You are the light of the world.

The Word This Week

While the world may seem to be very indifferent to Christianity most of the time, it can be very critical of Christians who do not seem to be following the most basic tenet of their faith – to be  a people of “good deeds”, as Jesus teaches in today’s portion of the Sermon on the Mount. While we may sometimes feel indignant about the world’s criticism of our faults, we have to remember that we are in a vital relationship with “the word” – we are to be its light. This means that we should welcome the world’s gaze and scrutiny of our actions and beliefs and we should, in a sense, be accountable to the world for the way we live. We should never be salt that loses its taste. This openness to the gaze of all is not for our own glory, however: it is so that others may find what we have found – their way to the Father.

Notes for Readers

First Reading: Isaiah 58:7-10

This is a very simple and powerful reading, which should speak very clearly to a congregation: we are very good at complicating things sometimes, and there is a virtue in a simple message, clearly delivered.
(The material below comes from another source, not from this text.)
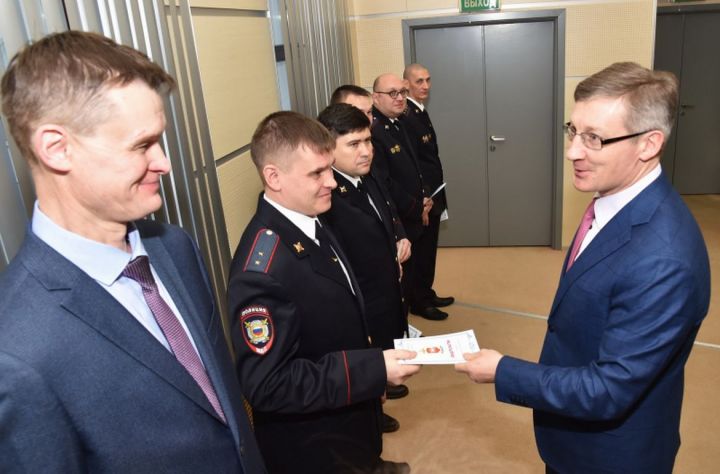 В Татарстане 23 полицейским вручили сертификаты на покупку жилья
Let that simplicity come out: don’t preach to the congregation – we should be listening as much as we are reading! Deliver Isaiah’s words with clarity and care, so that they can “sink in” to the congregation’s minds and hearts. Make sure they are ready to listen! The first line of the reading is important: ensure that it is not lost by waiting until the congregation is ready to hear the reading: resist the temptation to hurry to the lectern and to start as soon as the “Amen” to the Opening Prayer of the Mass has been said! Remember to underline the references to light, since that leads to the Gospel passage we will hear shortly afterwards.
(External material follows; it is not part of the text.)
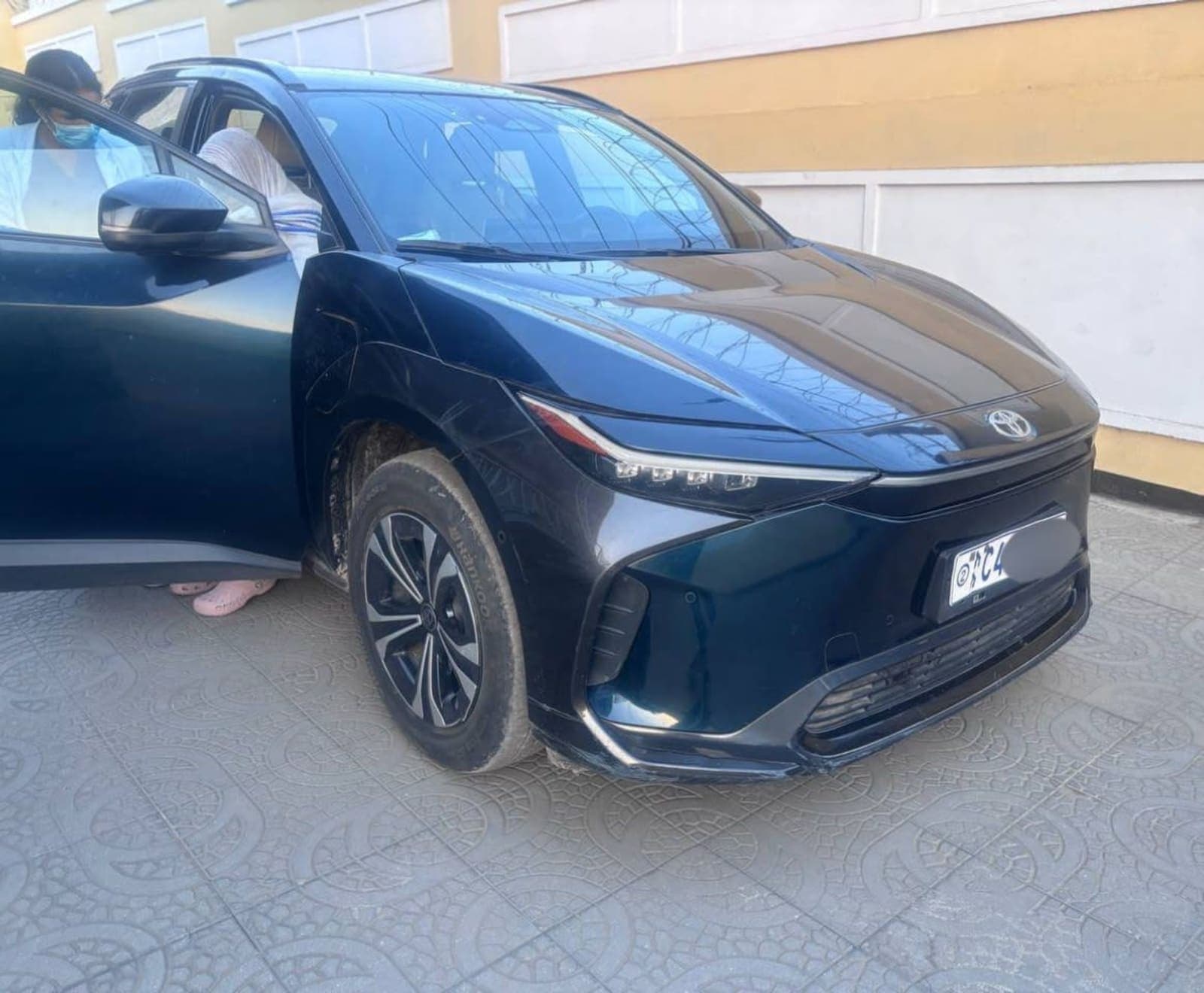 2023 Toyota BZ4X EV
Second Reading: 1 Corinthians 2:1-5

What was said about simplicity above is relevant for Paul’s reading today: he is concerned that the Corinthians are losing their way by making everything complicated – using philosophy, rather than listening to the story of what Jesus did. Paul spoke as an eye-witness, from his own experience, and wants to rekindle the faith of the Corinthians by reminding them of this. Prepare this reading by thinking about your faith – how did you first experience the presence of Jesus Christ? If you were trying to tell someone about our faith, would it be by telling stories about Jesus and other Christians, or by philosophical arguments? Realise what Paul is saying – there is an eagerness in his argument. He cares deeply about the Church in Corinth, and is trying to help them get “back to basics”. Offer these words to the congregation to help them think about their faith.